A 16-year-old male academy player was tackled during a game and sustained a direct blow to the anterior aspect of their left knee. At the time, there was minor discomfort and minimal swelling. This settled completely within 48 hours with rest and icing and the player completed a game 10 days later with no issues. Ten days after this, following a routine training session, the player noticed a recurrence of the swelling, this time much larger than before. There was no pain or stiffness and no locking or giving way. The player was able to complete daily activities and even train without issues. He had no fever or malaise and no inflammatory features.
An MRI of the left knee was performed to further evaluate the injury. This showed a 15 x 2 x 15 cm thin walled fluid collection in the anterior knee, at the junction between the subcutaneous fat layer and the deep fascia. The fluid collection was predominantly of T2 high signal indicating fluid but there was a fluid-fluid level suggesting a haemorrhagic component. The lesion had no significant low signal rim to suggest a fibrous pseudocapsule. There was minor adjacent subcutaneous oedema. There was no bony injury and no other knee abnormality. In the context of the previous direct blow, the appearances were consistent with a Morel-Lavalée lesion.

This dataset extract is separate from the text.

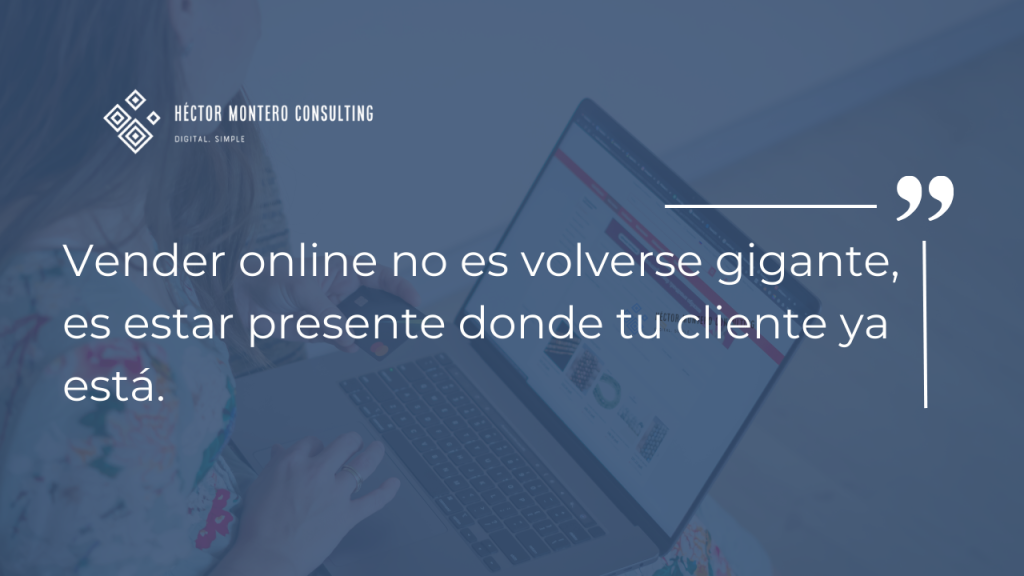 Vender online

Given the patient’s age, the relatively small size of the lesion and the absence of a fibrous pseudocapsule on MRI, this patient was managed conservatively with a Game Ready compression unit for 14 days before returning to play. He played using Coban taping to the knee and has not yet had a recurrence of swelling.
Morel-Lavalée lesions are due to post-traumatic separation of the subcutaneous skin and fat from the fascia. The fluid can accumulate slowly over time and a delayed presentation of swelling is not uncommon, sometimes occurring months to year after the injury. There is no accepted treatment algorithm for Morel-Lavalée lesions. Small lesions can be managed conservatively with compression dressings. Larger lesions can be aspirated percutaneously with the caveat that recurrence is not uncommon. The presence of a fibrous pseudocapsule on MRI makes recurrence more likely and, in this situation, aspiration and injection of a sclerosing agent (such as doxycycline or sucrose) or surgical debridement should be considered.